Saat Gondo bicara kepada Ainz, jalan keluar terowongan tersebut akhirnya muncul di depan mata mereka.

Setelah ketiganya muncul, mereka disambut oleh Shalltear, diantara yang lainnya. Tentu saja, Zenberu juga ada di sana pula.

Meskipun Gondo menduga akan ada segerombolan undead, dia pun mau tidak mau bersikap waspada saat melihat magical beast pula. Kenyataan bahwa ‘tidak ada dark elf’ sudah memberinya sebuah pukulan, tapi sekarang gumaman Gondo sampai di telinga Ainz.

Shalltear maju ke depan tanpa suara lalu membungkuk.

“Ainz-sama. Maafkan saya karena sudah mengganggu setelah baru saja kembali, tapi ada sedikit masalah.”

“...Dimana Hanzo yang lainnya? Apa yang terjadi?”

“Ya! Sebenarnya, orang lain memasuki gua ini, melalui terowongan di dalam bangunan yang Aura tunjukkan kepada anda. Maafkan saya sedalam-dalamnya karena baru saja mengatakan kepada anda sekarang, tapi saya sudah mengirimkan beberapa Hanzo untuk menyelidikinya.”

“Tidak perlu minta maaf, Shalltear. Kamu sudah memilih tindakan dengan bijak. Kami akan menunggu para Hanzo kembali, menganalisa laporan mereka, lalu memutuskan apa yang akan dilakukan. Kalau begitu-“

Dia berhenti sejenak, lalu melirik ke arah dwarf yang pernah tinggal di sini. Dwarf tersebut tidak memperhatikan kejadian di sisi ini. Malahan, dia asyik bercakap-cakap dengan Zenberu. Setelah mendengar lebih dekat, kelihatannya mengenai Dwarf yang pernah menolong Zenberu.

“-Gondo. Maaf sebentar, tapi kelihatannya ada orang yang memasuki kota ini. Ada kemungkinan penggunaan kekuatan di sini.
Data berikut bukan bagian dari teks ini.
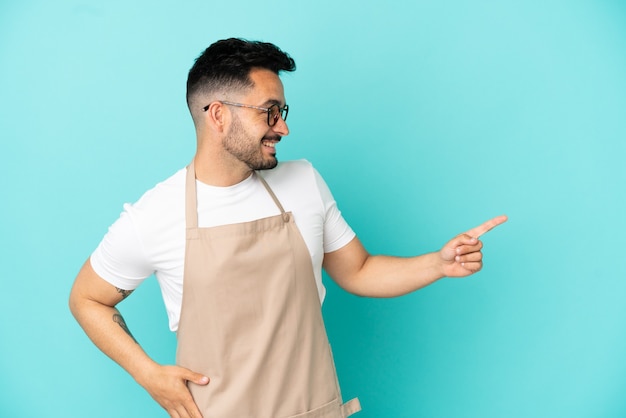 Restaurant waiter caucasian man isolated on blue background pointing finger to the side and presenting a product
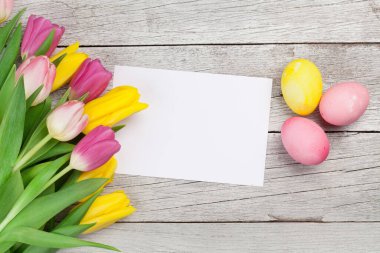 Paskalya tebrik kartı, üzerinde paskalya yumurtaları ve lale çiçekleri var. Üst görünüm düzlüğü kopyalama alanı ile yatıyordu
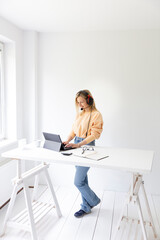 pretty blonde woman with headset stands at high table and wears high waist pants and talks with customers via notebook in a modern white office © epiximages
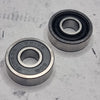 front and back of black shielded skate bearing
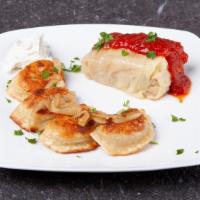 Golabki (Stuffed Cabbage Roll) With 5 Pierogies · Pork, rice and spices, wrapped in a cabbage served with tomato sauce.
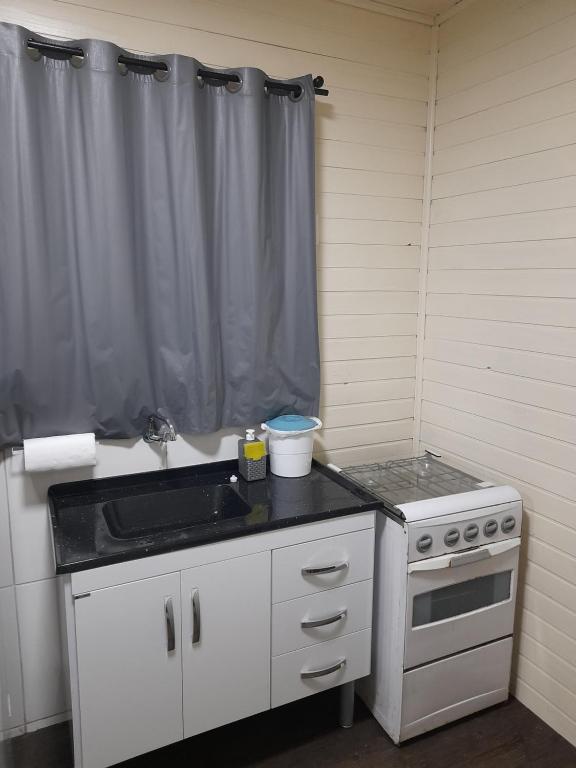 a kitchen with a sink and a stove at Casa Contêiner Azul in Rosário do Sul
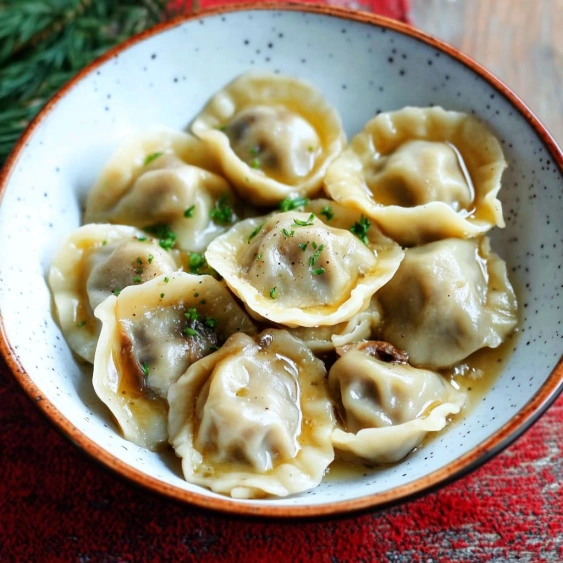 A bowl of pasta with green herbs on top.
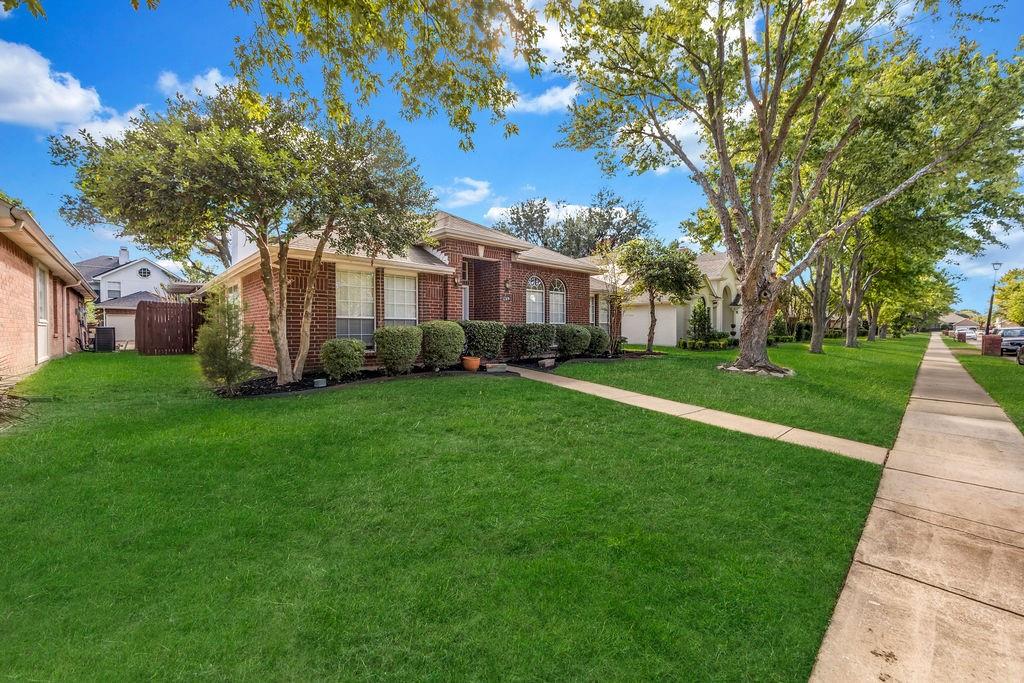 Brick exterior featuring arched window detailing, a recessed entryway, and mature landscaping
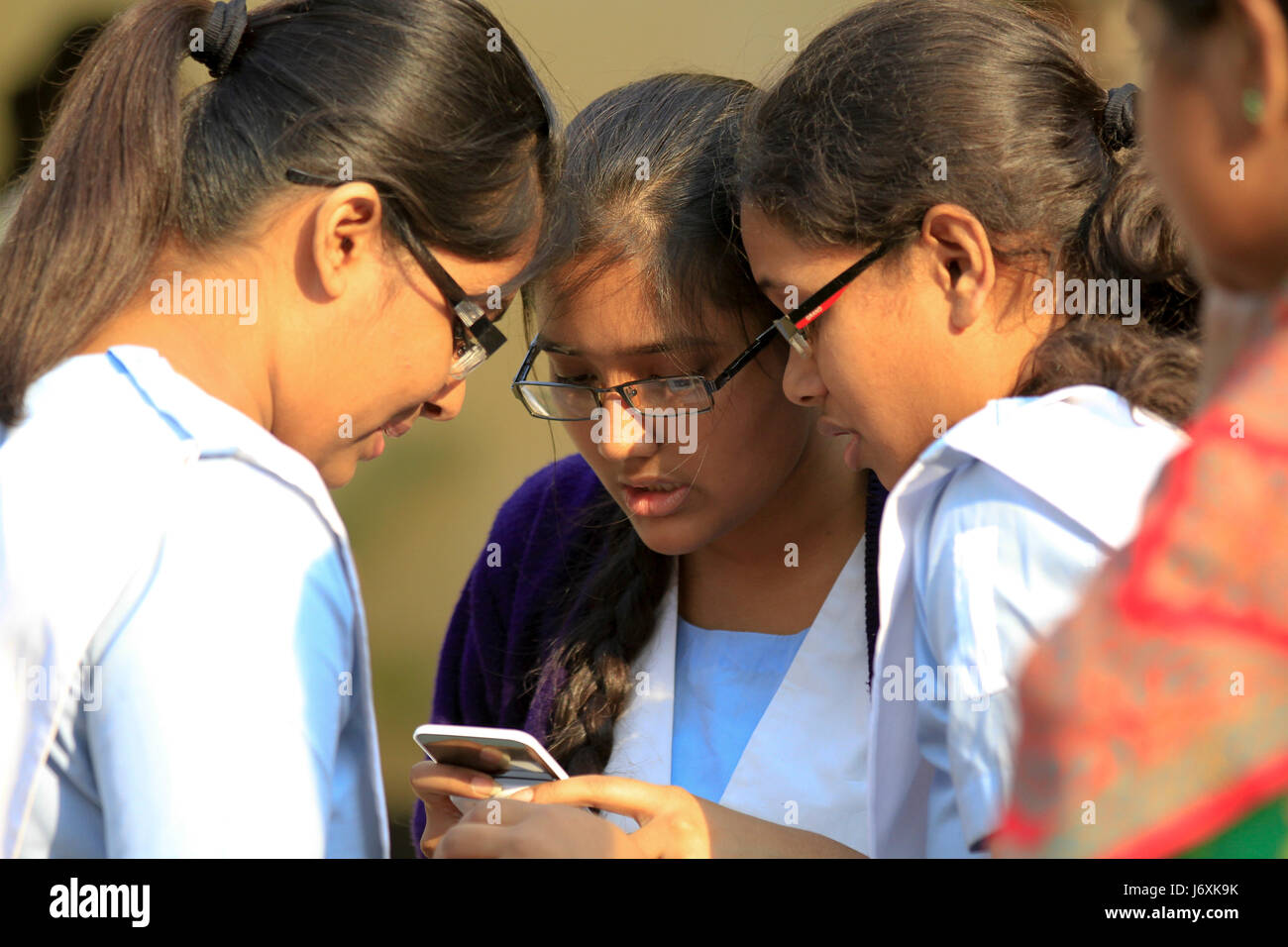 Students of Viqarunnisa Noon School and College search for results using mobile phone after the Junior School Certificate (JSC) examination results ar Stock Photo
Ketika tiba saatnya, aku harap kamu akan menjadi saksi untuk negerimu jika ada tindakan yang tidak bisa dihindari.”

“Tentu saja. Serahkan itu kepada saya. Meskipun, aku harap anda membatasi kerusakan hingga sekecil mungkin.”

Ainz mengangguk. Wajar jika menghindari rintangan yang akan mengganggu negosiasi di masa depan.

“Shalltear, bagaimana dengan perimetermu?”

“Saya sudah menyebarkan binatang buas Aura ke dalam wilayah itu... Bagaimana, Aura?”

“Seharusnya bisa berjalan. Meskipun musuh bisa menjadi tidak terlihat, binatang-binatang buasku masih bisa mencium bau mereka.”

“Oh begitu. Kalau begitu mari kita tunggu kembalinya para Hanzo.”

Setelah beberapa saat, para Hanzo telah kembali.

Menurut mereka, pihak lawan kelihatannya adalah Quagoa. Ada lebih dari 100 Quagoa. Gondo mendengarnya dari samping dan kelihatannya sangat terkejut. Ini jauh melebihi pasukan pengintai biasa; kelihatanya, ini adalah sebuah kelompok tempur, atau suku yang bermigrasi.

Hanya ada satu tindakan yang bisa Ainz ambil.

“..Shaltear. Tangkap mereka semua. Bisakah kamu melakukannya?”

“Jika itu adalah perintah anda.”

“kalau begitu aku perintahkan kepadamu untuk melakukannya. Apakah kamu mengerti mengapa aku ingin kamu menangkap mereka?”

“Untuk menanyai mereka dan mencegah adanya berita tentang kita yang bocor.”

Ainz mengangguk dengan agung.

“Benar. Jika kita hanya menangkap salah satu dari mereka hidup-hidup, maka kita hanya bisa menginterogasi satu orang dari mereka. Ini meningkatkan kemungkinan kita akan ketahuan dan kita mungkin akan mendapatkan informasi palsu. Ditambah lagi, kita harus mempertimbangkan mungkin saja kita membunuhkan sebuah contoh dari mereka.”

Ada satu hal yang Ainz tidak sebutkan karena Gondo ada di sana – yaitu dengan hanya mempercayai cerita satu pihak saja mungkin akan berakibat buruk bagi mereka. Siapa yang tahu, mungkin lebih baik melakukan kesepakatan dengan Quagoa daripada dengan dwarf.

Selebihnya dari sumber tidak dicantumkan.